---- Data for analysis

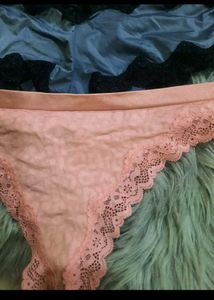 Victoria&#39;s Secret Panties - 3 Pack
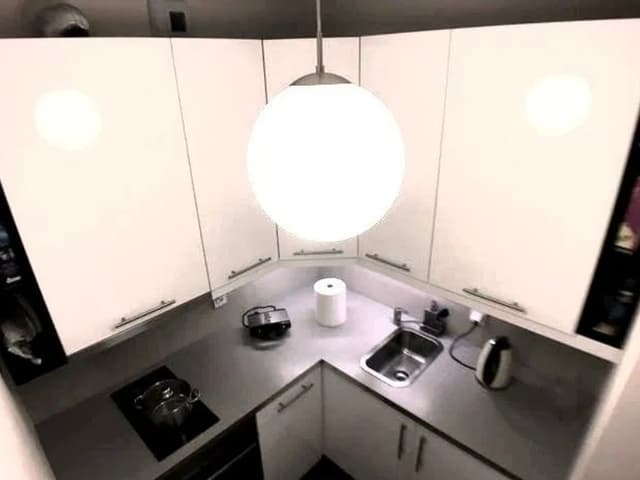 Nowoczesny apartament 35m² w sercu Woli z parkingiem - Zdjęcie 2/6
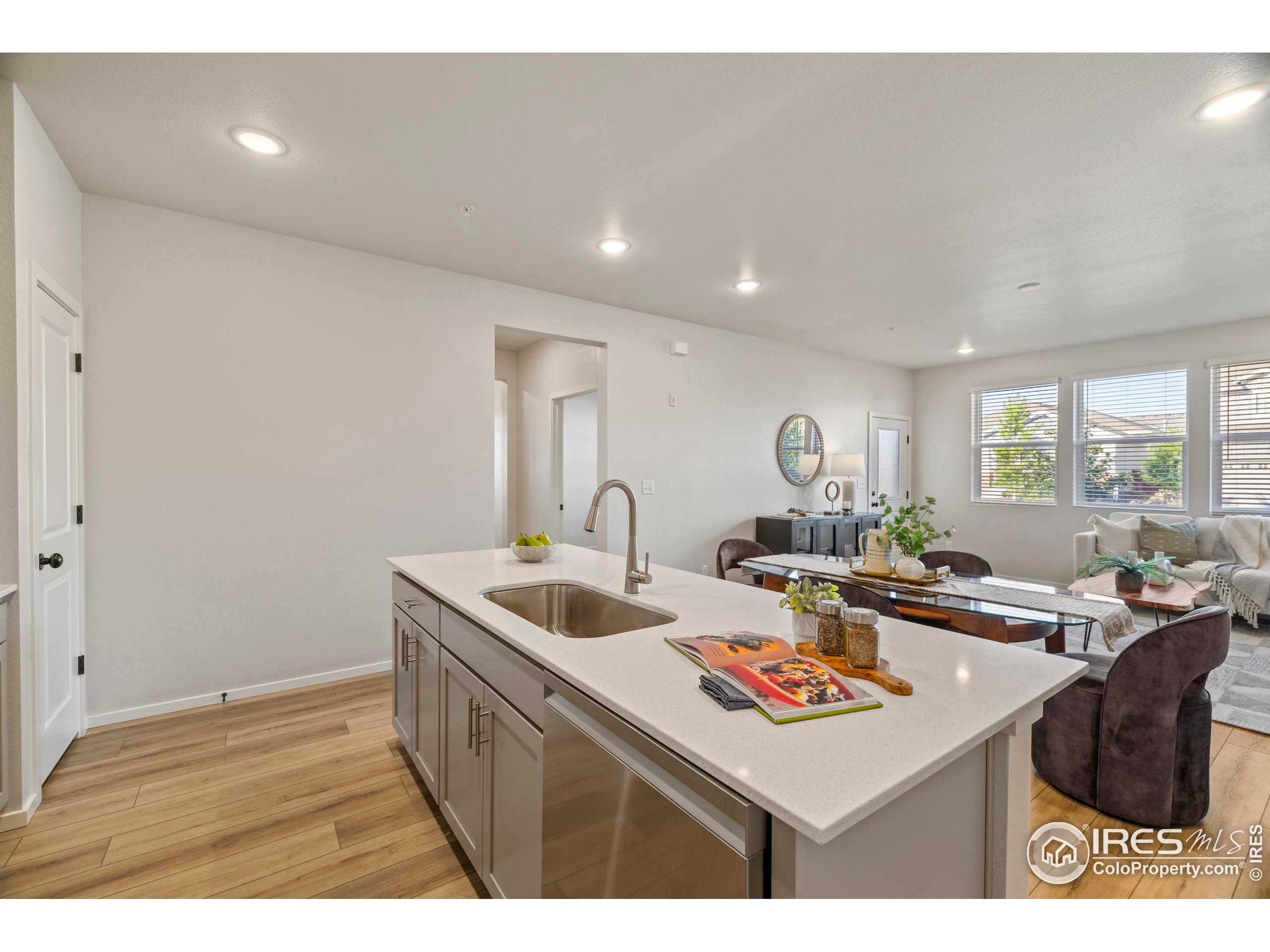 2102 Setting Sun Dr 7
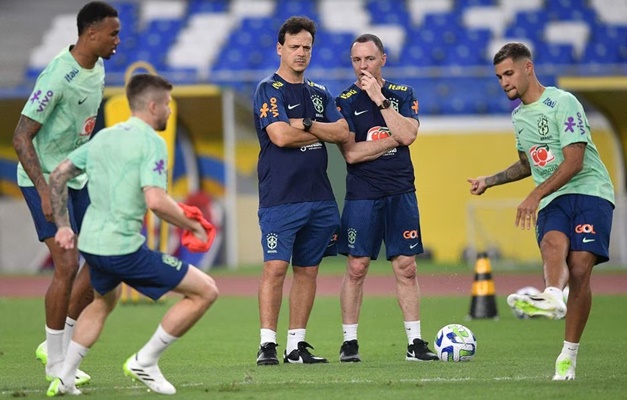 À espera de Gabriel Jesus, Diniz comanda 1º treino como técnico da seleção brasileira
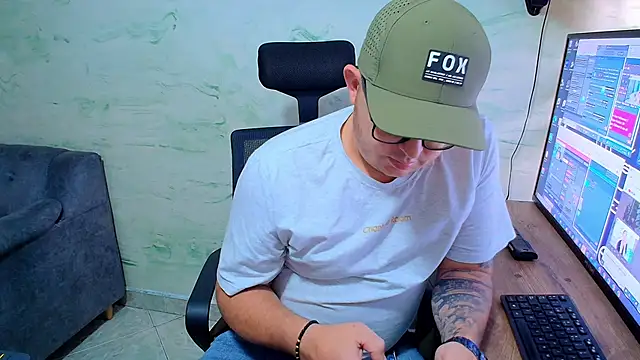 Pokazy przed kamerką – maximo_daddy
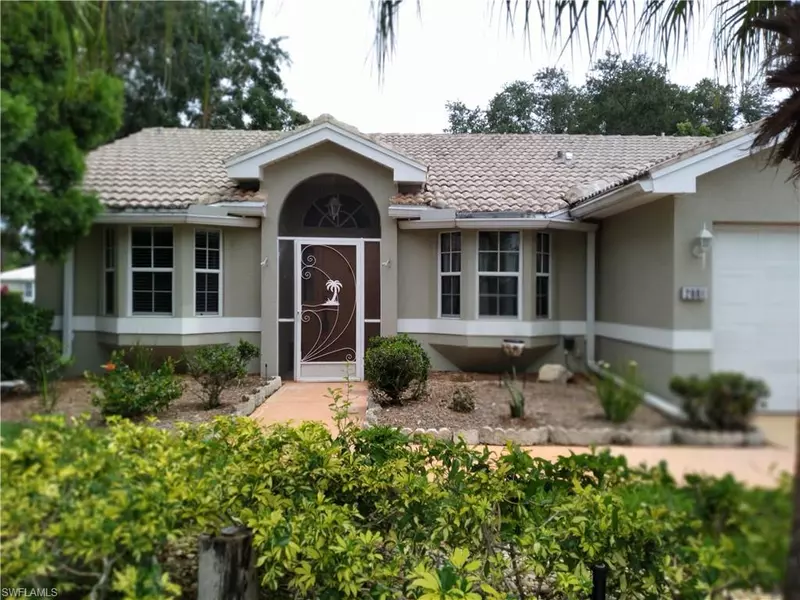 2001 Corona Del Sire DR, North Fort Myers, FL 33917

--------

= Required action =
Each of the entries above must be output exactly, with none of the pictures.

= Reply to the task =
 Victoria&#39;s Secret Panties - 3 Pack
 Nowoczesny apartament 35m² w sercu Woli z parkingiem - Zdjęcie 2/6
 2102 Setting Sun Dr 7
 À espera de Gabriel Jesus, Diniz comanda 1º treino como técnico da seleção brasileira
 Pokazy przed kamerką – maximo_daddy
 2001 Corona Del Sire DR, North Fort Myers, FL 33917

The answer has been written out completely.